Trace apretó con más fuerza el volante.
–Si eso crees, ¿qué demonios haces aquí?
Ella sacudió la cabeza y su larga coleta se balanceó.
–Se acabaron las preguntas.
Él apretó los dientes.
–No, nada de eso, Priscilla. No puedes negarte a contestar. Si quieres salir de esta, y es dudoso que lo hagas, tienes que contármelo todo.
Ella suspiró.
–Es un nombre horrible, ¿verdad?
Trace la miró, desconcertado.
–¿Cuál? ¿Priscilla?
–Sí. Mi madre me llamaba Priss, y así es como me llama todo el mundo. Al menos, los que me conocen bien. Pero tampoco mejora mucho –se frotó los ojos cansados–. Es un nombre muy cursi, como de mosquita muerta. Pensé que por una vez en la vida iba a servirme de algo.

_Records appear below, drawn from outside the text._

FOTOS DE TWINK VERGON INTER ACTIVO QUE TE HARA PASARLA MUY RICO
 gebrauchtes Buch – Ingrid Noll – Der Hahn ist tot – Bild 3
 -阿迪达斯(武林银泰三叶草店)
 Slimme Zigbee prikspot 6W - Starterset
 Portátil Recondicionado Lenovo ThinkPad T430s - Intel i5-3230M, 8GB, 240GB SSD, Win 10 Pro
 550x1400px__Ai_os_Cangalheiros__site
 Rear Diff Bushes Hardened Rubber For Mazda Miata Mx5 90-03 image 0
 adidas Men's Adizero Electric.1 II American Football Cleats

–¿Porque creías que Murray iba a creer que eras una especie de candorosa damisela?
–Sí –lo miró–. No crees que se lo haya tragado, ¿verdad?
Trace soltó un bufido.
–No es tonto. No creo que te haya calado del todo, pero está claro que algo sospecha.
–¿Y tú? ¿Me has calado?
–Sé que eres una farsante, Priscilla. Sé que tienes algo planeado, algo que puede hacer que los dos acabemos muertos. Y sé que estás fuera de tu elemento.
Pareció soñolienta.
–Conque sí, ¿eh?
Trace se aventuró a preguntar:
–¿De veras es tu padre?
–¿Tú qué crees?
–Creo que las venganzas personales son las más peligrosas –y estaba claro que para ella aquello era algo personal. ¿Por su madre, tal vez? Probablemente. Sobre todo, si no tenía más familia.
–Las venganzas personales son un buen motivo para implicarse en algo –se quedó mirándolo–. ¿Y tú? ¿Por qué estás aquí?
Trace mantuvo la mirada fija en la carretera.
–Es mi trabajo.
–Y un cuerno –se rio, y su voz sonó agradable, a pesar de su crispación–. De acuerdo, a ti se te da bien analizar una situación. Pero a mí también. ¿Quieres saber lo que creo?
Trace señaló con la cabeza un edificio de ladrillo con un toldo morado.
–Esa es la tienda donde vas a comprar.
Ella no cambió de tema:
–Creo que eres muy capaz de matar, pero no a personas inocentes. Matas a gente que se lo merece. Eres bueno, lo que significa que eres una especie de profesional.